Faster boids

I used the built in performance profiler in VSTS to look at speeding the boids up (and there seems to be a bug in the profiler – when memory profiling was turned on, it seemed unable to resolve symbols, so I switched to the CLRProfiler to look at the memory being used).

Most of the time in the application was spent in calculating the boids’ steering behaviours.
The optimisations here were to try to reduce the time spent in calculating the forces – one optimisation was that instead of each behaviour (cohesion, separation, alignment) each scanning through the entire set of boids, the results of one of the behaviours could be used by both others.

Secondly, the cohesion force was not updated on each frame – the value is cached for 10 iterations. This should not be a fixed value – there should be some heuristic to determine how it should be varied once work is in to measure the “quality” of the flock.

This boosted the frame rate from approx 3fps to 10fps (dropping to 5 fps after some time).

Next came some micro-optimisations.

Changing the Vector to be a struct instead of a class (to avoid over-stressing the garbage collector) resulted in 14fps dropping to 8 fps after running.

Other micro-optimisations that I tried, but didn’t result in any real performance difference included:

Making the trail generator to use a fixed size array (instead of adding/removing from a list).

Removing IEulerRigidBody, calling onto objects directly instead of through an interface.

Changing all doubles to be floats (didn’t actually keep this change in the code).

For Scene8, the drawing code was the real bottleneck, changing the gluSphere to be drawn using VertexBufferObjects resulted in double the frame rate (and it isn’t particularly optimised – could use glDrawElements).

For Scene7, it’s limited by the O(n2) collision detection (this is the next thing to tackle).

Boids

An improvement of the flocking behaviour in Jabuka is available.

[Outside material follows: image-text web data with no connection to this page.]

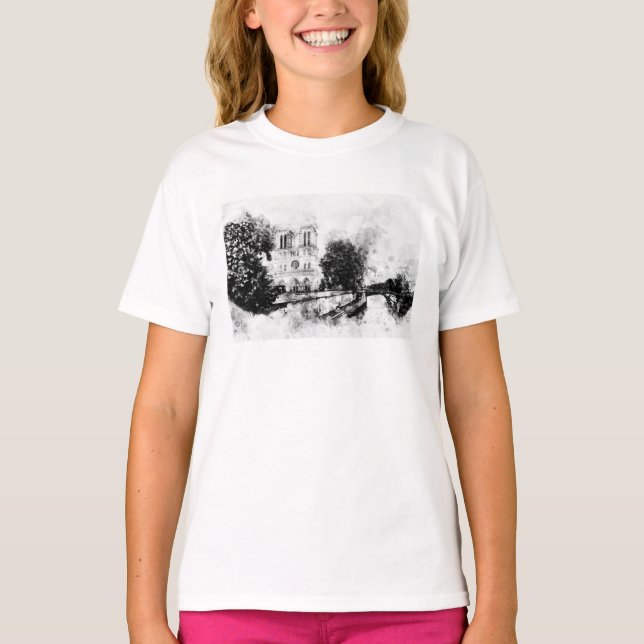 Camiseta Ilustração Monocromática da Catedral de Notre-Dame (Frente)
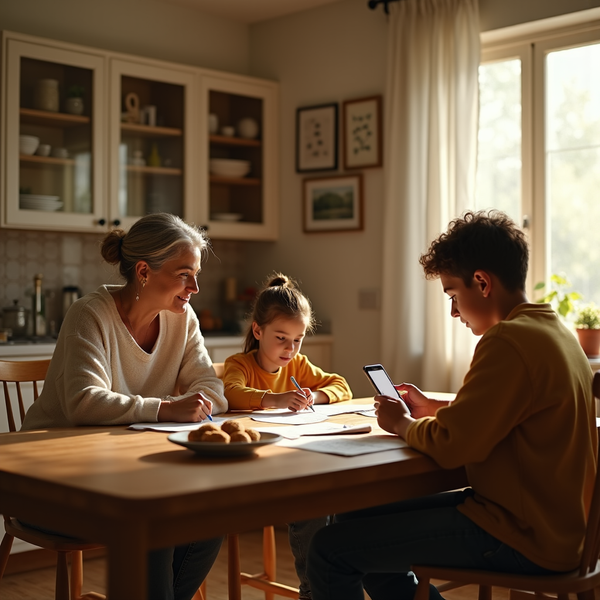 An older woman smiles at a young girl and boy seated around a wooden table with papers and a smartphone.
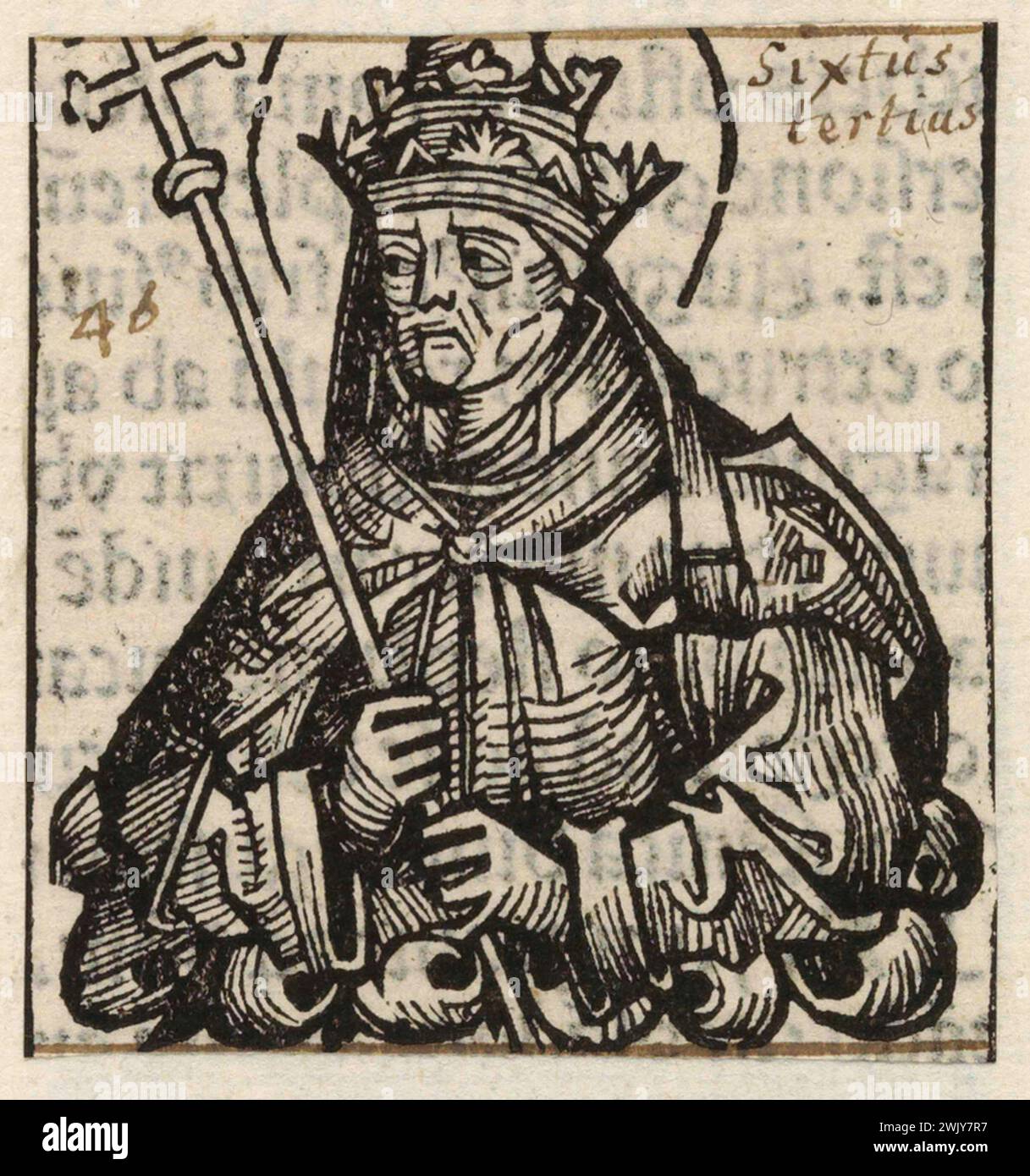 Un'incisione del XV secolo di Papa Sisto III che fu pontefice dall'AD432 all'AD340. Era il 44° papa. Foto Stock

There are now very simplistic birds drawn, to give an idea of the boid’s orientation.

The separation behaviour has been fixed. The behaviour was garbage before, the force away from another boid was proportional to the distance away from it. Now the force increases the nearer another boid is.

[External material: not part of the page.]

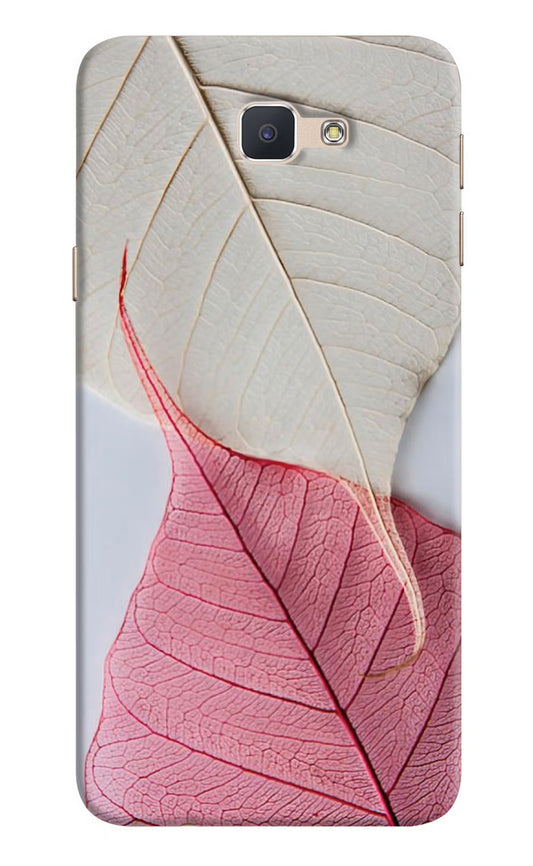 White Pink Leaf Samsung J7 Prime Hard Case Back Cover by Casekaro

The boid’s orientation is taken as the smallest angle between being aligned with the World’s x axis, and the boid’s velocity. The roll doesn’t behave realistically (see scene 13), but the boid’s behaviour isn’t realistic. A boid would really change its velocity by adjusting its orientation (change the wing shape to apply a torque to allow it to rotate…)

This paper describes how the steering behaviours should change the intention of the boid, instead of providing actual forces onto the boid.

A simple particle system has been introduced to allow the path of a few individual boids to be more easily seen.

Performance.
Running under the Visual Studio profiler, most of the time was seen to be spent finding the flockmates in proximity of the boid.

The same calculation was being done twice, for both the cohesion and alignment behaviours. Adding a ProximityFinderCache increased the frame rate by 50%, with no change in the calculations. Adjusting the code so that the boids in proximity are only calculated on every third iteration added another 20% to the framerate (giving 15fps with only two TrailGenerators attached).

A change of approach/jabuka 0.6

As mentioned on the Jabuka website, I’m moving away from a tutorial-based approach, mainly because of lack of time. It’s much quicker to implement new code and then blog retrospectively, highlighting new features and interesting code/design decisions. In the tutorial based approach, making a change/bug fix in an earlier tutorial forces all later tutorials to be updated.

That being said, it’s worth discussing changes are in the latest version, 0.6, of Jabuka.
This code introduces a couple of simple steering behaviours, and flocking boids. Given the roadmap, why did I suddenly go off on a total tangent and implement boids? Well, apart from flocking behaviour being especially cool (look on youtube for the Carling Belong commercial, or starling flocks), I wanted to stress the engine (I use that term very loosely given the current functionality of Jabuka) as I’m itching to demonstrate multithreading and performance enhancements. This version of Jabuka has shown that it is still too early to look at performance, however, as the application still has some fundamental flaws to be addressed.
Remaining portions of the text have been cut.